This is candidate for removal, as of only needed for devices already gone legacy for long times.

Introduction

For some older Optimus hardware it is still useful to have bumblebee to handle switching between discrete and integrated GPU.

On newer Nvidia Optimus systems it is recommended to take optimus-manager, optimus-switch, or render-offload.

Some computers may need BIOS adjustments before Bumblebee installation.  See the Two BIOS types section.

Bumblebee installation and removal are simple and straightforward processes.  See Installation and Remove Bumblebee sections.

The text speaks about a fresh Bumblebee installation.  It is also a repairing tool.  If Bumblebee is already installed but you’re unsure about its state, simply install Bumblebee again.  It does not hurt a system in any way.

Bumblebee’s power-saving feature was missing in the mid of 2015.  See Missing power-off section.

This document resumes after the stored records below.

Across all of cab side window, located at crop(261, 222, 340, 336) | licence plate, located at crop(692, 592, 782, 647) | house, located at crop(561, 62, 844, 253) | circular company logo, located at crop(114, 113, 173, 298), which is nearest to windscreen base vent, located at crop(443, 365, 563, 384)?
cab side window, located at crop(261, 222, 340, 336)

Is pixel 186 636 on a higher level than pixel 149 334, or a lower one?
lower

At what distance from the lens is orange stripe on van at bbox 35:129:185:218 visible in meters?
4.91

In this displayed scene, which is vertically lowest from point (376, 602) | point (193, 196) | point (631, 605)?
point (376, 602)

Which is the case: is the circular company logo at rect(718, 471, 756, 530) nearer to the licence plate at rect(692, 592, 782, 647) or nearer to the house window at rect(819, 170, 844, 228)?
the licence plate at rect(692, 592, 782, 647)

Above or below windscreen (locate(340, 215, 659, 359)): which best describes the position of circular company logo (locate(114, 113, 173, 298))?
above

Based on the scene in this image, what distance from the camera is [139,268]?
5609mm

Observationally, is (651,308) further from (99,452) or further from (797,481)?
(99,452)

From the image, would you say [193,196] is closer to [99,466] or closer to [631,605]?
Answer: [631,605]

Do I have an Optimus card?

First things first.  An excerpt from Bumblebee Project Wiki  Troubleshooting section:

Only laptops have these kinds of Nvidia Optimus card, so this project won’t apply to desktops (for now).  Cards from the 4xxM and newer series are all Optimus-enabled. The M stands for “Mobile”. But having a 4xxM card isn’t enough to be sure that you’re having an Optimus laptop. There must also be an integrated video controller in your processor. To check that, run this command in a terminal:

lspci -vnn | grep '\''[030[02]\]'

If it outputs two lines, then you’re likely to have an Optimus laptop.  Else…

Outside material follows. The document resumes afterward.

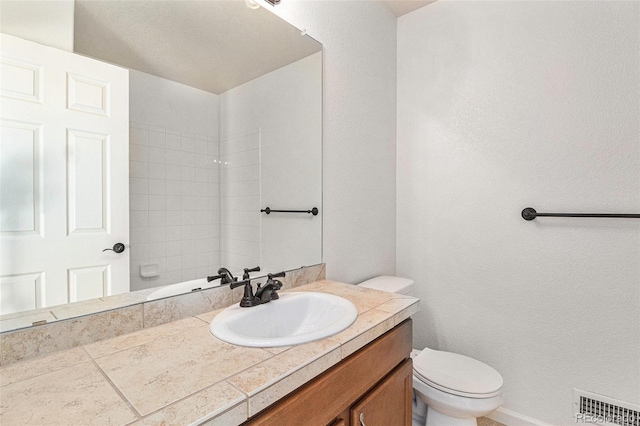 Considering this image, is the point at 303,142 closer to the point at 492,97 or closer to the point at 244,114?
the point at 244,114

…this article is of no help for your card.

On NVIDIA Optimus two output lines look like this:

00:02.0 VGA compatible controller [0300]: Intel Corporation Haswell-ULT Integrated Graphics Controller [8086:0a16] (rev 09) (prog-if 00 [VGA controller])

and

01:00.0 3D controller [0302]: NVIDIA Corporation GK107M [GeForce GT 750M] [10de:0fe4] (rev ff) (prog-if ff)

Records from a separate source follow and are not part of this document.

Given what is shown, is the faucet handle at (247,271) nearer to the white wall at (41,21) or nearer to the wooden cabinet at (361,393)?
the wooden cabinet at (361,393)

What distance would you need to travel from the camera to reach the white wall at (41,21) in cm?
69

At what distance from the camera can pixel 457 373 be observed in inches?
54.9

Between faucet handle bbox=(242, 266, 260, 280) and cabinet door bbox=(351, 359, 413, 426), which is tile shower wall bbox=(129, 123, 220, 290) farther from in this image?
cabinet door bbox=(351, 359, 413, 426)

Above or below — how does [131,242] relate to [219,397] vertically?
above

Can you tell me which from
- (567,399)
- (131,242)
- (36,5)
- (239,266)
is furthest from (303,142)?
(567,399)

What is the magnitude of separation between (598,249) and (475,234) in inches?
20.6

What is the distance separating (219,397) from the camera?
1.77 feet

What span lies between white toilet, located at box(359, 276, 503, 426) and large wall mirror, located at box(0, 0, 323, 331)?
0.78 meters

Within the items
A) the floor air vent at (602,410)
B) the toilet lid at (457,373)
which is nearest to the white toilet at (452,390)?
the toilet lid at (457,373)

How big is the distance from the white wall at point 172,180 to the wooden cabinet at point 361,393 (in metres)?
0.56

The first line starts with 00:02.0.  It corresponds to Intel GPU.

The second line starts with 01:00.0.  It corresponds to Nvidia GPU.

Your Intel and Nvidia make and model will obviously be different from this example.

Take note of your Nvidia model because the driver version you install will depend on it

(see the section, Do I Have Legacy or Current Hardware?).

Two BIOS types

For the purpose of this guide let’s distinguish two BIOS types:

  1. BIOS doesn’t control video card and doesn’t mention it
  2. BIOS tries to control integrated and/or discrete video cards

1st type BIOS is the most Bumblebee-friendly.  It doesn’t require to enter BIOS Setup utility, to configure or change anything in BIOS.  Just boot the computer normally and, if possible, make sure it runs on xf86-video-intel video driver.  It should be so by default.  Nothing else is required.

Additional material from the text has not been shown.